The Parliamentary loss appears to have been slight, but of the Royalists over 200 were slain. Amongst the first to fall were the gallant Mayor, Adam Morte, and his son; the former was more than once heard to declare that before he would surrender the town he would set fire to it and begin with his own house.
Sir Gilbert Hoghton escaped and made his way to Wigan, but Lady Hoghton, Lady Girlington and Mr. Townley were all taken prisoners, and amongst the spoils taken were “three pieces of ordnance, a murdering piece, a great quantity of musquiets, and many horses, with two or three colours.”
Most of the conquering forces remained in Preston and began to strengthen its fortifications, and erected a strong sconce upon the marsh outside Preston, so as to command the fords over the Ribble. To keep alive the enthusiasm of the soldiers, as well as to disarm a dangerous foe, an attack on Hoghton Tower was decided on, and with this object three companies were despatched from Preston on February 14. This fine specimen of a baronial residence was well situated and fortified; it was from its tower that Sir Gilbert Hoghton was wont to light his beacon to call musters of the friends of the King; on its walls were mounted “three great pieces of ordnance.”
Sir Gilbert, as we have already seen, having escaped from Preston and gone to Wigan, and his wife being a prisoner, it is not to be wondered at that the little garrison at the Tower should be disheartened, and after a short parley give up the place.
The soldiers at once took possession, and whilst they were searching for arms and powder the place was blown up, and Captain Starkey and some threescore of his men were killed. This explosion was at the time put down as being caused by an act of treachery on the part of Sir Gilbert’s soldiers, but subsequently it appears to have been admitted that it was due to the carelessness of the victorious forces. The author of “Lancashire’s Valley of Achor” distinctly states that it was “fired by their neglected matches, or by that great souldier’s idoll, tobacco;” and he further adds that they were “burdened with the weight of their swearing, drunkennesse, plundering and wilfull waste at Preston.”

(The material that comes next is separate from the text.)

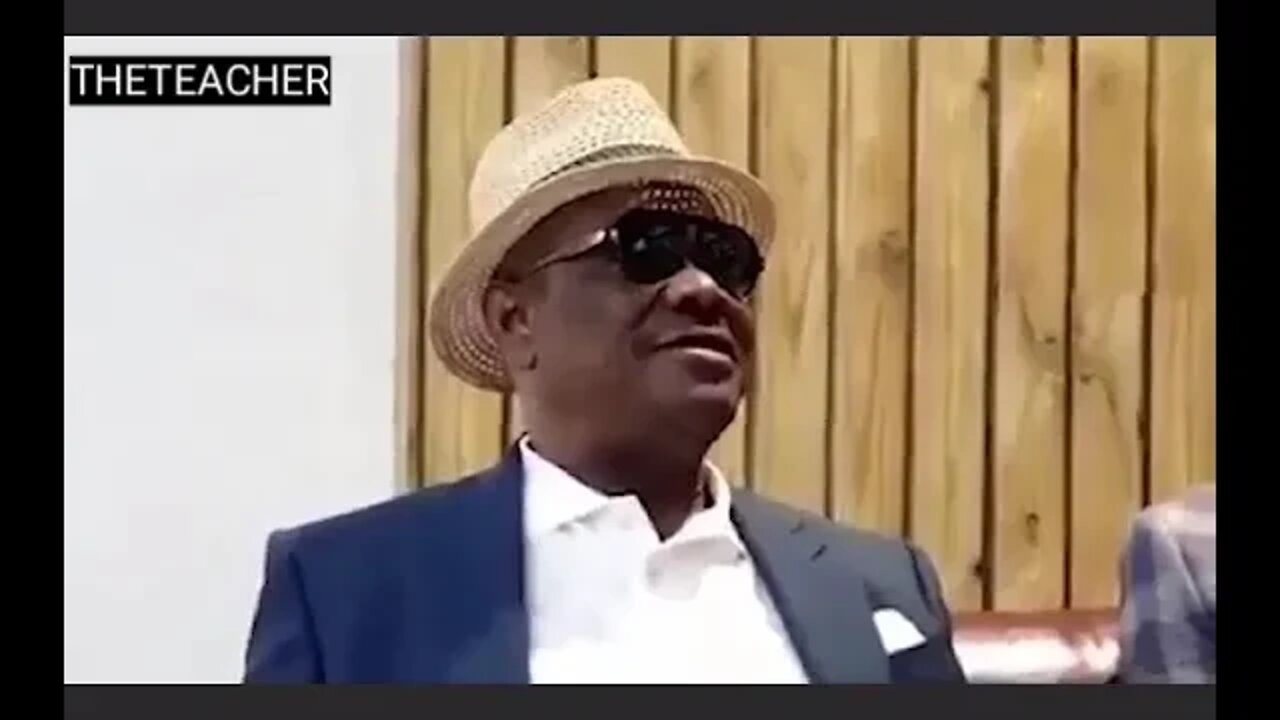 Politicians who went to America for meeting has no shame__The teacher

Within a few days of the taking of Hoghton Tower, troops were sent to reconnoitre Lancaster, where, finding the inhabitants either unprepared to resist or more or less in sympathy with them, they at once attacked the castle and took it, and thereupon released all the prisoners they found there, whether they were in gaol for felony or debt. At the castle were Roger Kirby, M.P. for the county, and Sir John Girlington, who appears to have escaped on finding that the castle could hold out no longer.

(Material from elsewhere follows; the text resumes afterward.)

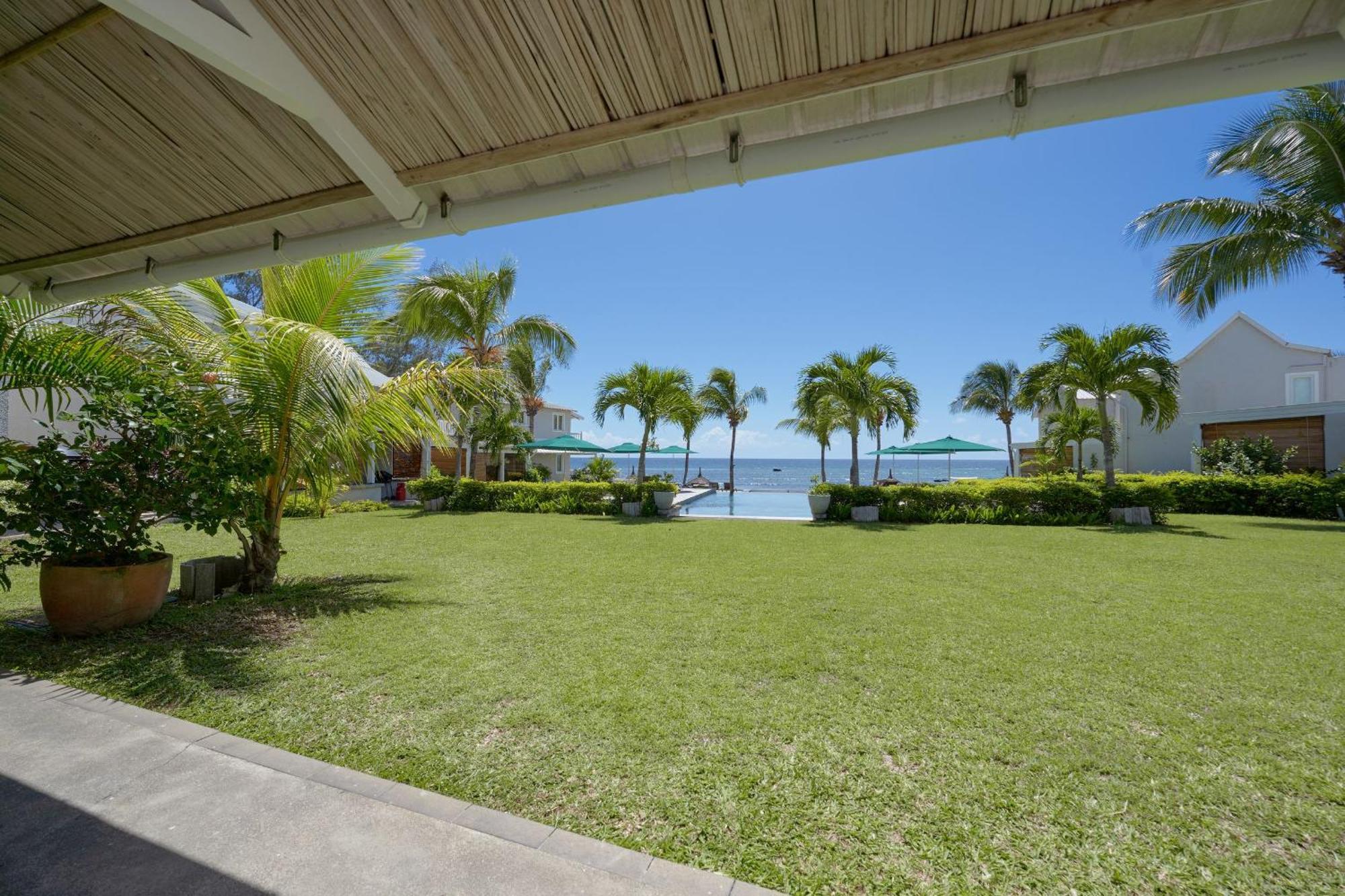 White Oaks Villas Trou aux Biches Kültér fotó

The town of Bolton had been left with only some 500 men, and taking advantage of this, on February 16 the Earl of Derby and the Major–General marched from Wigan towards it with about 1,000 horse and foot and got within a mile of the place without being discovered by the garrison, which, it seems, was “at prayer in the church.” And now the Earl’s forces made a fatal mistake: instead of making straight for the town, they went round by Great Lever, and in doing so their presence was discovered, and the soldiers were at their posts ready to receive the besiegers. The first assault took place at Bradshaw Gate, where three forts had been erected. The contest was a severe one. The fortification consisted of certain outworks and a mud wall, 2 yards thick, on the inner side of which was an arrangement of chains, which has not been clearly defined. One account says that the invaders, with iron bullets of five or six pounds weight, shot through the mud walls; whilst another faithful narrator scornfully reports that “they played children’s play, for they mortally hit but one lad,” and he, common report said, was one on their own side.[138] The same authority adds that “hither their wittie malice brought a new invented mischievous instrument,” which consisted of “an head about a quarter of a yard long, a staffe two yards long or more put into that head, twelve iron pikes round about and one in the end to stab with. This fierce weapon (to double their scorn) they called a Roundhead.” The Royalists, having forced the outworks, got possession of several houses, to some of which they set fire; they were, however, ultimately driven back and retreated to Wigan, taking along with them, it is said, two or three cartloads of dead bodies.[139] When the fight was over, 1,700 men came from Middleton, Oldham, Rochdale and Manchester to the assistance of the besieged town. The officers in command of the garrison at Bolton were Colonel Ashton, Captain Buckley, of Oldham; Captain Scoffield, of Rochdale; Captain Holt, of Bury; and Captain Ashurst, of Radcliffe Bridge.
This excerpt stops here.